## WHAT YOU ARE ASKED TO DO
Please reproduce the records below exactly, omitting any pictures they contain.

>>>

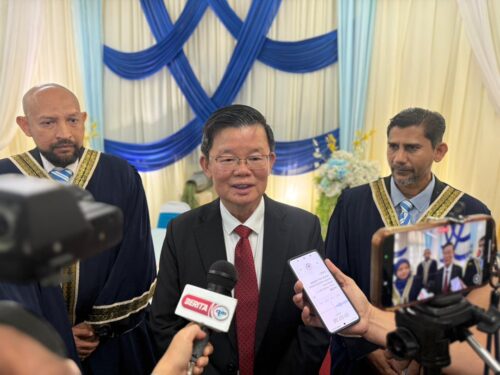 whatsapp image 2025 10 14 at 10.47.07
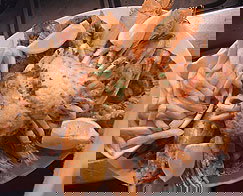 Doyles Bridge Hotel - Restaurant Gold Coast 3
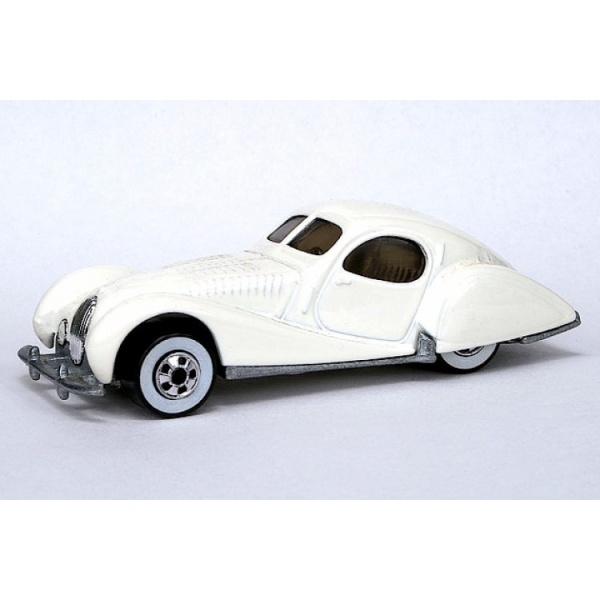 Talbot Lago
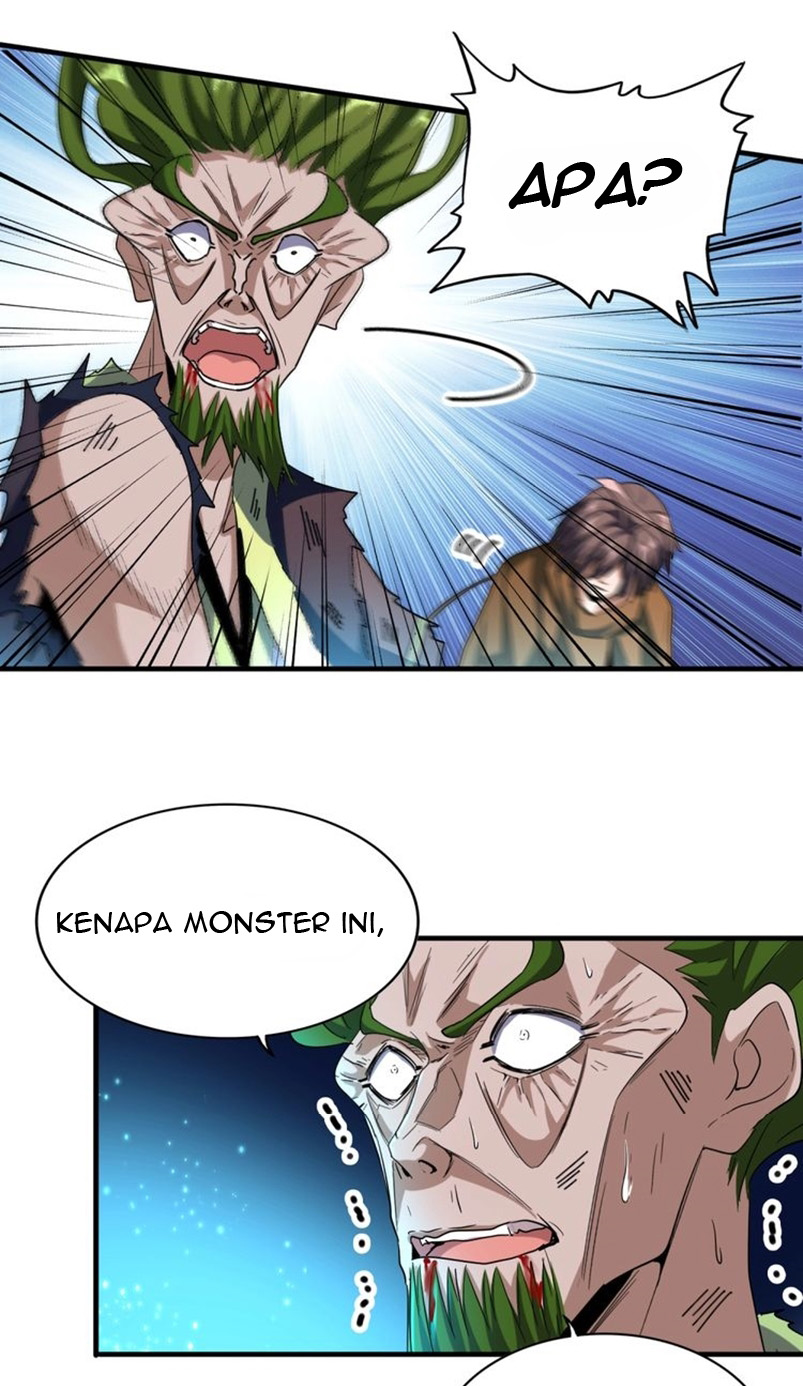 Halaman 66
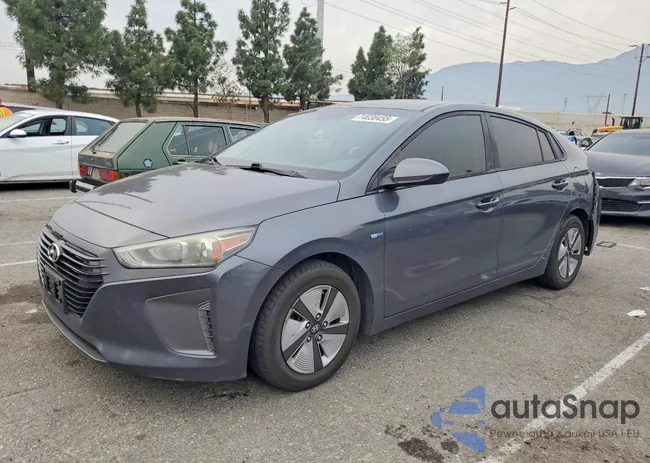 KMHC65LC6KU111481: 74038455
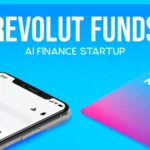 revolut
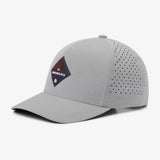 New Memories Cap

<<<

## WORKED SOLUTION
 whatsapp image 2025 10 14 at 10.47.07
 Doyles Bridge Hotel - Restaurant Gold Coast 3
 Talbot Lago
 Halaman 66
 KMHC65LC6KU111481: 74038455
 revolut
 New Memories Cap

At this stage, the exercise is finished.